Friday, March 30, 2012

Friday Thoughts - Tenebrae and Liturgical Music

Last night I participated in a Tenebrae service here at the seminary, which you can find here. Tenebrae was originally a part of the Divine Office for Holy Week previous to the liturgical changes called for by Vatican II and promulgated by Pope Paul VI. There is still some retention in the Liturgy of the Hours we now use, but it became the practice of some parishes and monasteries to retain the older form as a preparation for the final days of the life of Christ which we celebrate liturgically on Holy Thursday and Good Friday. The basic format is: there are three nocturns followed by an silent Our Father, a closing prayer, and the strepitus, which if you watched in the video, is the loud noise at the very end. The strepitus symbolizes the earthquake at Jesus' death. Each of the nocturns follows the story from garden of Gethsemane to Calvary, the pinnacle being the strepitus. Within each nocturn, there are three parts: a psalm, a reading, and response. As the liturgy moves on candles are extinguished from a large candelabra called a hearse.

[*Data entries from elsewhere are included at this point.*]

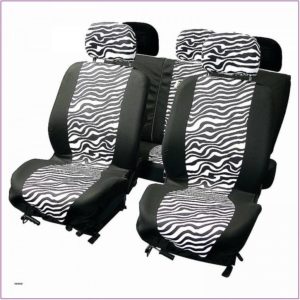 Zebra Print Car Seat Covers Amazon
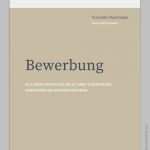 Google Docs Bewerbung Vorlage Wunderbar Bewerbungsmuster Napea Bewerbungsprofi Net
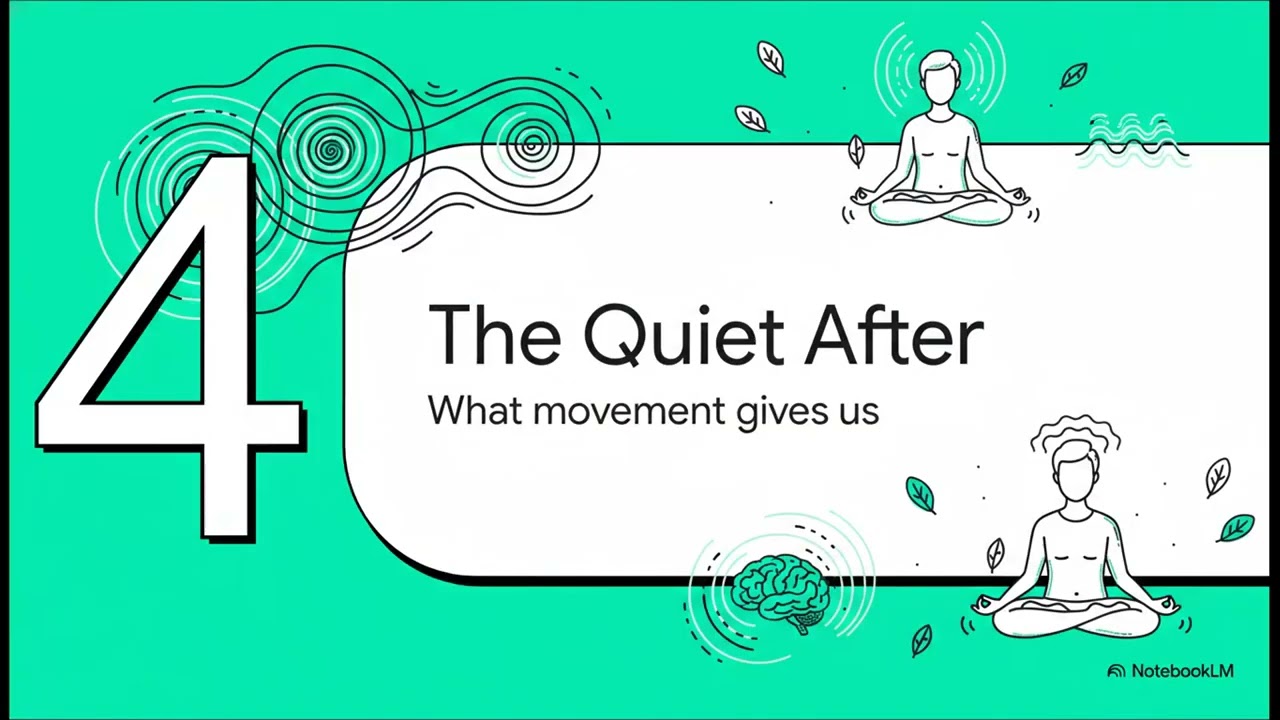Why Running Is the Meditation Practice You Never Knew You Needed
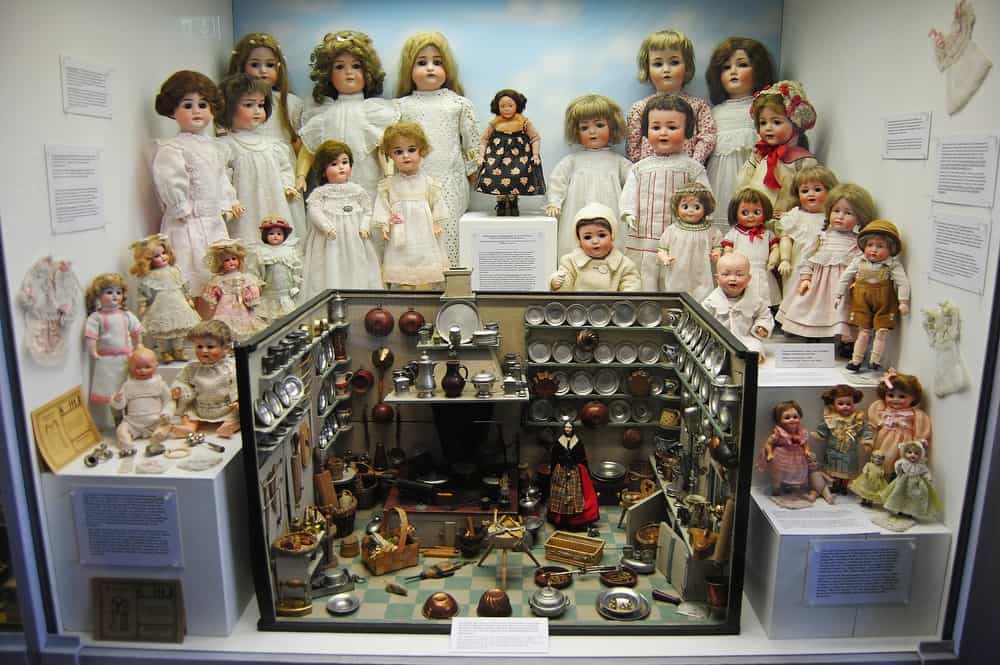 Spielzeugmuseum
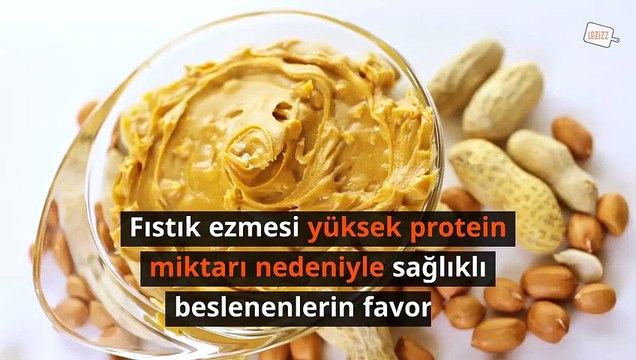Fıstık ezmesi yapmanın püf noktaları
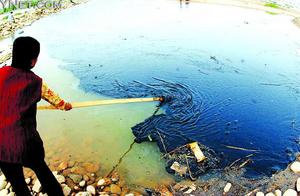 水清岸綠繪新卷——聚焦中國水污染防治的探索與實踐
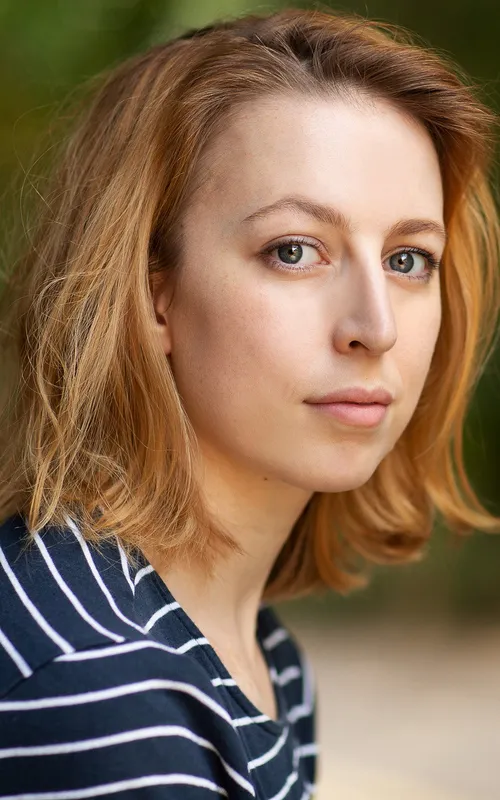 Lucy Greenhalgh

The Schola Cantorum here at the seminary prepared pieces for the musical responses that are at the end each of the three nocturns. We tackled very difficult pieces. Believe you me, chanting with twenty men together at once, and sounding good, is very difficult. Trying to create one voice from twenty is a monumental task for amateurs like ourselves.

After the service, I was struck again by how moving it is. It proved to me that there are certain types, yes, types of music, specially suited for the liturgy. Yes, the church documents tell us Gregorian chant is the greatest form of liturgical music and is the scale by which all other liturgical music is compared, polyphony being the second loved but still very supported child. These forms of music conform themselves to the other-worldliness of the liturgy. They are intended for no other purpose and do not resemble any other form of non-liturgical music (unless those non-liturgical musics become derivative sub-genres of popular music that resemble the forms of chant and sacred polyphony). The allign the mind and the body toward that which is beyond complete intellection and sight, hearing, taste, touch, and smell. They are means by which the soul can encounter the divine. Through the creations of His creations, the Creator reveals Himself to His most beloved creatures.

If you didn't before, click the link above and soak in some of the glory of God communicated through music. Be moved to sorrow for the sorrows of Christ in the garden. Be moved to hope by the small glimmer in Christ's eye walking up to Calvary. Shudder in disgust and fear (the good kind) standing at the foot of the cross of the Savior of the world; and hear the loudness of the earthquake that shook the earth, the very cosmos commiserating with the death of Jesus Christ.